L’éducation à distance que le ministère demande de réaliser est aussi un piège dans lequel il ne faut pas tomber : celui-ci a tout intérêt à démontrer la faisabilité d’une classe à distance. En effet, cette éducation en ligne permet la passivité des élèves (qui ne font plus que recevoir le cours de manière verticale sans pouvoir interagir de façon directe), renforce la surveillance des pratiques enseignantes et la standardisation des enseignements et elle amorce la dématérialisation de la présence de l’enseignant.e. Par ailleurs, la pandémie et le confinement permettent au ministre d’organiser en avance son bac en contrôle continu. La crise a permis la réalisation du fantasme de Blanquer : d’une part, le fait que le baccalauréat national n’aura pas besoin d’être organisé et d’autre part, la possibilité, si le déconfinement a lieu avant la fin juin, de garder tous les élèves dans les établissements jusqu’au 4 juillet, ce qui a toujours été un de ses objectifs.

Un « déconfinenement » de lutte pour l’Éducation

Mais cette école made in Blanquer n’est pas une fatalité. Depuis l’année dernière, la colère gronde dans les écoles. Élèves, parents et professeur.e.s, jusque là très incertain.e.s sur l’intérêt d’une lutte collective, multiplient les initiatives qui remettent en question l’autorité de l’Etat. Il est important que ces liens, qui ont permis des mobilisations proprement inenvisageables ne serait-ce qu’il y a deux ou trois ans, perdurent et se développent. En effet, les écoles pourraient bien devenir un terrain de bataille à la sortie du confinement, comme c’est le cas actuellement dans les usines où les patrons veulent imposer une reprise de l’activité malgré le fait qu’on se trouve toujours dans la période de pic de l’épidémie et que le retour du virus est à prévoir cet été.

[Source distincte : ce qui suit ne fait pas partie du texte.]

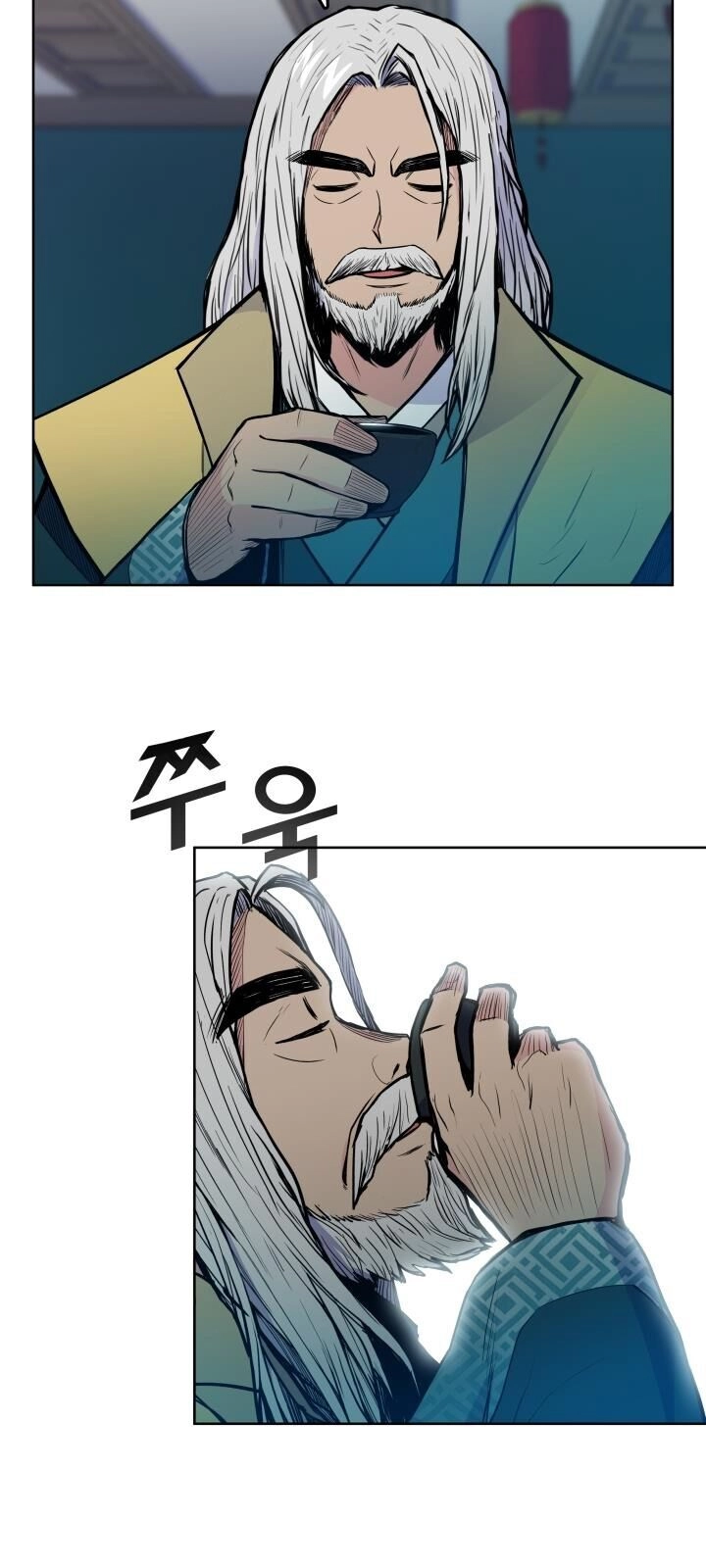 Phong Vân Chiến Thần Chapter 35 - 38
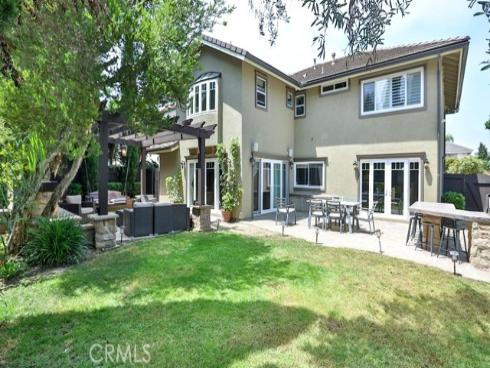 21822 Seacrest Lane, Huntington Beach, CA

Les établissements scolaires ne pourront être suffisamment nettoyés et désinfectés, du fait du manque de personnels et de matériel de protection. Pour autant, le gouvernement va tenter de faire reprendre le travail à tous les agents car la situation des écoles fermées est intenable sur la longueur pour le système capitaliste. Elle maintient chez eux un nombre trop important de salariés. Il en revient donc aux agents de se battre pour ne pas reprendre le travail dans des conditions dangereuses pour la santé. Iels doivent refuser de travailler sans que les établissements soient traités et désinfectés régulièrement, refuser de travailler sans masque de protection, ni gel disponible en quantité suffisante pour les élèves et les eux-mêmes. Il en va de la santé de plus d’un million de travailleur.euse.s et de toute une génération d’élèves qui représentent le futur du pays.

Il est important de formuler dès maintenant des revendications précises sur la reprise du travail. C’est d’ailleurs dans ce sens que va un communiqué des principaux syndicats de personnels des établissements qui avertit que le travail ne reprendra pas si un certain nombre de conditions de sécurité ne sont pas rassemblées (masques, gel, désinfection quotidienne des établissements, etc.).

Par ailleurs, il est important d’ajouter à ces revendications des considérations politiques. Le ministre Jean-Michel Blanquer doit prendre ses responsabilités vis-à-vis des mensonges qu’il a avancés tant sur la préparation de la continuité pédagogique que sur le succès de cette dernière et démissionner de ses fonctions. Toutes les réformes qu’il a imposées doivent être abrogées. Par ailleurs, il est important de rassurer les élèves et de ne pas leur ajouter un stress supplémentaire dans ce moment particulièrement difficile pour eux. L’intégralité des épreuves doivent être annulées et les examens du brevet et des baccalauréats doivent être obtenus par l’intermédiaire de la validation automatique à toutes les personnes inscrites à ces examens.